I had FreeBSD installed on this machine before but I must have not set it up correctly and want to try harder to get it right.
I will need a internet connection only to download updates and install packages from time to time.
I'm going through the installation steps now and there is a dialogue box that says select your regdomain. There is a list of codes but I'm not sure which one I should use. I live in the UK. Can anyone help me with this? Thanks.


----------



## ralphbsz (Apr 9, 2017)

This controls how your WLan client is configured: Not all countries use the same frequencies, same power, and so on.  The weird things about regdomain include: (a) there is a level of indirection, in the US we say regdomain=FCC and in Europe presumable regdomain=ETSI (those are the standards/regulatory agencies that make the definitions), and (b) the country is not specified as a 2-letter code but as a full name.

For UK = GB, you probably need to set regdomain = ETSI, and country = "United Kingdom" (not UK).  Don't worry too much about setting it right initially; you can always fix it later in an ifconfig command for wlan.  Or ignore the wireless interface temporarily and string an Ethernet cable.


----------



## Phishfry (Apr 9, 2017)

What I have found is most wireless modules are set according to the market they will serve.
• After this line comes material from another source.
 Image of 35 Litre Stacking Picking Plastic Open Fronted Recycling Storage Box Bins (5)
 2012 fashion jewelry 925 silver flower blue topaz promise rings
For instance a module bought off ebay US would probably be set for FCC use, but if this module was used in another country then you might need to worry about country code in module firmware.

https://wiki.freebsd.org/WiFiRegulatory


----------



## neilms (Apr 9, 2017)

I'll have another go soon. I just selected a random one and the wireless didn't work at all. Thank you for your replies.


----------



## ShelLuser (Apr 9, 2017)

I'd go with US. I'm using a wifi dongle in my laptop and it was manufactured somewhere in China I believe, and used within Europe yet it still uses US.

_Edit:_ I think I'm mixing up my facts here a little bit. Right now I'm specifically referring to country code which got me a bit of trouble when I tried to set up my wifi through ifconfig.

_Edit2:_ `# ifconfig wlan0 list regdomain` that might be able to give you a good clue as to what you might want to use.

And since I'm editing anyway...

For what's it worth: to get my dongle to work I also had to use a specific 3rd party firmware supplied through the Ports collection (net/bwn-firmware-kmod) before it would work at all. Obviously I can't say that this also applies to your setup, but it's something to keep in mind.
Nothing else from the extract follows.